We will continue using best practices and evidence to guide our work in reducing speeds and redesigning our streets so that mistakes on our roadways don’t result in severe injuries or death due to factors that could have been prevented. We will install Quick-Build pedestrian and bicyclist safety improvement projects as soon as possible on the remaining 50 miles of the High Injury Network. We will also evaluate more than 900 intersections on the network for core safety treatments (daylighting, advanced limit lines, continental crosswalks, longer walk times and pedestrian head starts), and intersections that should have any of these treatments will have them installed.  

We will eliminate right turns on red in parts of the city where there is a high concentration of pedestrian activity. We will build a safe, well-connected citywide network for people who bike, scoot or use another micromobility device.
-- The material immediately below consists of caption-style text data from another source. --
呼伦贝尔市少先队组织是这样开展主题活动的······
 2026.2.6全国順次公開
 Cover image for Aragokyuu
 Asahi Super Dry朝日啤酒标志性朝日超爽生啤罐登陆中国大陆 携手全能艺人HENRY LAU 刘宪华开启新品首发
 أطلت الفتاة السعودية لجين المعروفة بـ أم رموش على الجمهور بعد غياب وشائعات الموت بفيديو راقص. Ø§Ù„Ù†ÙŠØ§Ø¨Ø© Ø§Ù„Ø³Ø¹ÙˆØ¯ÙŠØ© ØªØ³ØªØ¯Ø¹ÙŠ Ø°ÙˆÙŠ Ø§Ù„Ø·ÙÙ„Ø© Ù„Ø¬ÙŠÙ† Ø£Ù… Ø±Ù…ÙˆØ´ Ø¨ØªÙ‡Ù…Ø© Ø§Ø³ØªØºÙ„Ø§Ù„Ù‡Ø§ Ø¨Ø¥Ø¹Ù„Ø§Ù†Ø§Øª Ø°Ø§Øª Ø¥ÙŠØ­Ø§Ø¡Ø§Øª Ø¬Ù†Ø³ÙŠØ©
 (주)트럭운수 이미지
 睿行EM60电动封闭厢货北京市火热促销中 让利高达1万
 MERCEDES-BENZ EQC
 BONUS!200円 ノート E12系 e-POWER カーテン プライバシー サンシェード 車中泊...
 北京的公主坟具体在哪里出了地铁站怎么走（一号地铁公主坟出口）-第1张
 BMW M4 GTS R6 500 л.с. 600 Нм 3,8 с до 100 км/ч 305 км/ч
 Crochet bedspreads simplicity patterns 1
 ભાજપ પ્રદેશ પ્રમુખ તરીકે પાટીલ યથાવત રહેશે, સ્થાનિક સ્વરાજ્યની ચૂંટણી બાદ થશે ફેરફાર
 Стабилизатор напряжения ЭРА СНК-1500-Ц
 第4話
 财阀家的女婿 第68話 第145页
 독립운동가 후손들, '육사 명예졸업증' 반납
And we will focus extra resources on vulnerable high-injury communities. For example, the city has obtained more than $25 million through the new federal Safe Streets and Roads for All program that will be dedicated to Western Addition and Tenderloin street-safety projects. 

There are external factors that make eliminating traffic fatalities extremely difficult. Automobile culture is deeply ingrained in the United States, and the more people who drive, the more there’s a chance that one of them will drive recklessly or make a mistake, like getting distracted by their cell phone. Vehicles are also getting bigger and heavier; they are higher off the ground; and they have worse driver sightlines, which makes them more deadly. These are issues we’ll need to take on, in partnership with community advocates and forward-thinking policymakers. 

 
Although city leaders set a 10-year deadline for achieving Vision Zero, the work is far from done. Vision Zero is a moral goal. And it’s not our only goal.  We want to make sure that walking, biking and rolling down the streets of San Francisco is a joyful experience and one of the things we love most about living in this city. We are striving to be the safest city in the world for all who travel here, and we hope you’ll join us in this work.